O trabalho de ressocialização continua após a saída da detenta, quando a A.M.E. oferece capacitação profissional e articula parcerias com empresas dispostas a contratar ex-presidiárias. Assim, muitas encontram a primeira oportunidade de trabalho e conseguem reconstruir suas vidas.
Exemplo de Superação
Patrícia, que cumpriu três anos de detenção, vagou sem rumo depois de sair do presídio, até ser acolhida pela A.M.E. e empregada como cozinheira em uma empresa parceira.
“Foi a primeira vez que alguém acreditou em mim. A liberdade sem apoio era só um pânico constante”, conta, emocionada.
Hoje, Patrícia se mantém no emprego e planeja crescer profissionalmente, sonhando até em empreender.

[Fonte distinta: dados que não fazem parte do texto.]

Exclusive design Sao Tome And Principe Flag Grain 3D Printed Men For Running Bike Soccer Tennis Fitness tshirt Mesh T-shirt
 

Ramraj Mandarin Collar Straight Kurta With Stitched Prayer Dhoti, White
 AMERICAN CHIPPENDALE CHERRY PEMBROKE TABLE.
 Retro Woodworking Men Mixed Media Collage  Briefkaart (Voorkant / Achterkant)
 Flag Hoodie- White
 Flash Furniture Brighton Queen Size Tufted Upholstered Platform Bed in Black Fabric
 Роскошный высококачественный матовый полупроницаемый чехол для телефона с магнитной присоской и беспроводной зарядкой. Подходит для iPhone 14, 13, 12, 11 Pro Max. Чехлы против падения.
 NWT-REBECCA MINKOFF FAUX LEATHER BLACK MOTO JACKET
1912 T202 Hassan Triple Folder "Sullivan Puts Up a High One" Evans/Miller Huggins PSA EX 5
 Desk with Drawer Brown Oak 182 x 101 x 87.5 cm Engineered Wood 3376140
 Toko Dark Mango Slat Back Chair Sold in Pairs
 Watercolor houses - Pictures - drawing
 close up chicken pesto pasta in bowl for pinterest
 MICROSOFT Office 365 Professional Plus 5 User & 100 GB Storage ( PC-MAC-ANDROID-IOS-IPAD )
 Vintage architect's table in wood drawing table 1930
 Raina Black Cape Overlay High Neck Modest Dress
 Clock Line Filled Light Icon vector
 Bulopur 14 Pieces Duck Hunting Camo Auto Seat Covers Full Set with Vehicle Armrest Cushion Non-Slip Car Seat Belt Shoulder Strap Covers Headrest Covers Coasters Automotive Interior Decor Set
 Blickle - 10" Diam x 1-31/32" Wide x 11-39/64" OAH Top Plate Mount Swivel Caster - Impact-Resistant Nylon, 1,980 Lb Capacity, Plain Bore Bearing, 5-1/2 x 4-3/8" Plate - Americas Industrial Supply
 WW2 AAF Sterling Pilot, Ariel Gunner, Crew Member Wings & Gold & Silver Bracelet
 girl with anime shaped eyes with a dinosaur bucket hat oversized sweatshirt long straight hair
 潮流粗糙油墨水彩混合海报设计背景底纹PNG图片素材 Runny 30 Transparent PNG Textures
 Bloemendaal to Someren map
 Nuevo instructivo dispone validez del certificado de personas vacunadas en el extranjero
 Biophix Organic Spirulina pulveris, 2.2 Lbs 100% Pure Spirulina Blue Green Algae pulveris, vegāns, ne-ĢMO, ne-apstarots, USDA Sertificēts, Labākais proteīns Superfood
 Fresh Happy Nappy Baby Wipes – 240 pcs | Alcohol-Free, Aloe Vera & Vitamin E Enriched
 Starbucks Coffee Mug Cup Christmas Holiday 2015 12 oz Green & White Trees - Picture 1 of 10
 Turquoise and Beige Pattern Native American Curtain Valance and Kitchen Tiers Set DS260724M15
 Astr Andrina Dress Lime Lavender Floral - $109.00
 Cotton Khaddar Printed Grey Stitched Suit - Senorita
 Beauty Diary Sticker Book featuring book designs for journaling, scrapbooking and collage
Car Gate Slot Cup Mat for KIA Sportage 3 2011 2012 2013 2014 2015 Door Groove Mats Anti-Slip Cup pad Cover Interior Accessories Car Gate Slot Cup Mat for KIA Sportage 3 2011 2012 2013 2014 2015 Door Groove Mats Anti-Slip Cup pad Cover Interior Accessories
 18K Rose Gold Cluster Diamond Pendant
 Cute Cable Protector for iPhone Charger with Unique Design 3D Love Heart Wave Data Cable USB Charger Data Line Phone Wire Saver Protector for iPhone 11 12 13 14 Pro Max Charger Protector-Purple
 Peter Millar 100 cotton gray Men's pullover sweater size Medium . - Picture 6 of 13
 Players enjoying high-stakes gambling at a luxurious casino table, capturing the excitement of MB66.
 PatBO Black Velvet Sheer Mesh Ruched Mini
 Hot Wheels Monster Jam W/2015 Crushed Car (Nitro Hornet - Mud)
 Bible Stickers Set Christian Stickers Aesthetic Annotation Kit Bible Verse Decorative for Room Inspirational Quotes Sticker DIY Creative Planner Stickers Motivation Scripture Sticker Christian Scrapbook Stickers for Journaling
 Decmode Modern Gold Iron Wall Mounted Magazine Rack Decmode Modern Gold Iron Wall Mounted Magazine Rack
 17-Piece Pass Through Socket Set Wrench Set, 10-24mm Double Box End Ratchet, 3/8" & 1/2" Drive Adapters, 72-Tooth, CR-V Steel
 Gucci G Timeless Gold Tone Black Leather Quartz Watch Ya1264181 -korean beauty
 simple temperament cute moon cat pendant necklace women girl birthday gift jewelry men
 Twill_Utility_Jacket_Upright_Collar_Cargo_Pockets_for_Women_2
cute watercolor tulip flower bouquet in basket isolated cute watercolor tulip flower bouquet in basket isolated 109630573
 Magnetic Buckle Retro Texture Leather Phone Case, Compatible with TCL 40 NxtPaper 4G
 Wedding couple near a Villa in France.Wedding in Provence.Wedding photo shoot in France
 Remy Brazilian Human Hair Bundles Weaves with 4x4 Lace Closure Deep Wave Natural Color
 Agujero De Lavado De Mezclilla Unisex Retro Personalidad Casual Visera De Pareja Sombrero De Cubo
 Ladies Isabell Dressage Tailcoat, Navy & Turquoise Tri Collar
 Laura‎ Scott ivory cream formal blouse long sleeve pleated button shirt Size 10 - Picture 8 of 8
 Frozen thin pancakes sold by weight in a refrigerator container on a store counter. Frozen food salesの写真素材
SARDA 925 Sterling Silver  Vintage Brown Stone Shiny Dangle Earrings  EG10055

“Não achava que era capaz de nada. Mas recebi a primeira chamada para entrevista de emprego e percebi que, sim, posso construir um futuro melhor”, celebra Ana Maria*, outra ex-detenta beneficiada.
Rede de Apoio e ‘Madrinhas’
Um dos pilares da A.M.E. é o acompanhamento emocional. Cada ex-detenta ganha uma “madrinha”, que envia cartas, liga periodicamente e acompanha desafios do dia a dia. Mariana*, uma dessas madrinhas, destaca:
“Não julgo, apenas acolho. Minha missão é lembrar a minha afilhada de que ela não está sozinha.”
De acordo com Shaila, esse vínculo é decisivo para que as mulheres não se sintam impelidas a voltar ao crime. “Elas precisam saber que alguém se importa, e esse ‘alguém’ está lá, firme, quando o resto do mundo vira as costas”, reforça.
Além de ações dentro do presídio, a A.M.E. organiza diversos eventos comemorativos que ajudam a reforçar a autoestima e o senso de pertencimento das detentas. A parceria com a empresa Remembear, por exemplo, viabiliza doações de objetos de decoração, transformando esses eventos em momentos de celebração e inclusão.
“É muito mais do que doar itens. É mostrar que elas são vistas e valorizadas”, explica Fabiani Silva e Luiza Lima, representantes da Remembear.
Impacto Social e Futuro
Segundo o Ministério da Justiça, a taxa de reincidência feminina chega a 50%. Porém, iniciativas como a A.M.E. comprovam que esse índice pode ser reduzido quando há amparo, capacitação e acolhimento.
“A verdadeira transformação começa quando enxergamos essas mulheres além dos erros que cometeram. É nesse cuidado, nessa empatia, que devolvemos dignidade e esperança”, reflete Renata Hanai, sócia da associação.
Em 18 meses, Patrícia reconstruiu sua vida. Ana Maria vislumbra a possibilidade de abrir o próprio negócio. E outras mulheres começam a escrever novos capítulos graças a um projeto que as enxerga como seres humanos capazes de recomeçar.
“Meu desejo é que mais pessoas acreditem na gente. Como disse na carta, ‘lá dentro’, ninguém lembra. Mas aqui fora, se a gente não for esquecida, o futuro pode ser bem diferente”, conclui Patrícia.